First of all, I'd just like to say that I did not speak even once through the whole small group discussion. Three reasons for this. The first reason, I was dead tired. Second reason, I read that chapter of the book 2 weeks ago and didn't remember anything from it. I know, I should have re-read it, but the truth is I misplaced the book and found it again just before the night began. Final reason was I was thinking about (the following) stuff.

This sort of stems from some topics that my small group discussed tonight. Plus other stuff that I've been recently challenged by and pondering.

From what I can gather, the world (or at least North America) is gradually shifting from what they call "traditional values" to a more liberal ideology. Whenever anyone uses the bible to try to condemn some of the current issues, people turn away almost in disgust because it's too traditional, too old-fashioned.

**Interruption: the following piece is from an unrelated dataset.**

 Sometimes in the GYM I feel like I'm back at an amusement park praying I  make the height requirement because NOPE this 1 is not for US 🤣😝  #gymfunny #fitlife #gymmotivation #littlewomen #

I cannot blame them really. Jesus came to earth 2000 years ago, and, even if non-believers were to just believe that Jesus did exist, it was still, 2000 years ago. People look at us and think we're conservatives. That's we're following this old religion that is out-dated and closed-minded.

Also, people are splitting spirituality from God, even though spirituality comes from God. This is new age thing, where people have found ways to make themselves feel like they're being spiritual, burning candles or incense, dieting, exercising, listening to certain types of music, etc. But it has nothing to do with God, and deep down all they are filling their empty voids with tools that affect their human emotion.

This void of course, is the whole in our hearts that God was meant to fill. But instead, people are filling this void temporarily with these various practices, along with other things that bring temporary fulfillment. Obsessions, it seems are the best way to describe it. Becoming obsessed with something temporary fills that void.

I wonder if, one day it will come to the point that "Christians" will come full circle and be the ones accused for being too liberal. That God will be so far removed from peoples' every day lives that the sheer mention of Him will be considered "cool"? I suppose this is a possibility, and if so, brings some positivity to all this nonsense.

Someone tonight expressed their disappointment with the world and society, how so-called real Christians have disappeared, they're too passive and not really outspoken. They aren't standing up to their beliefs.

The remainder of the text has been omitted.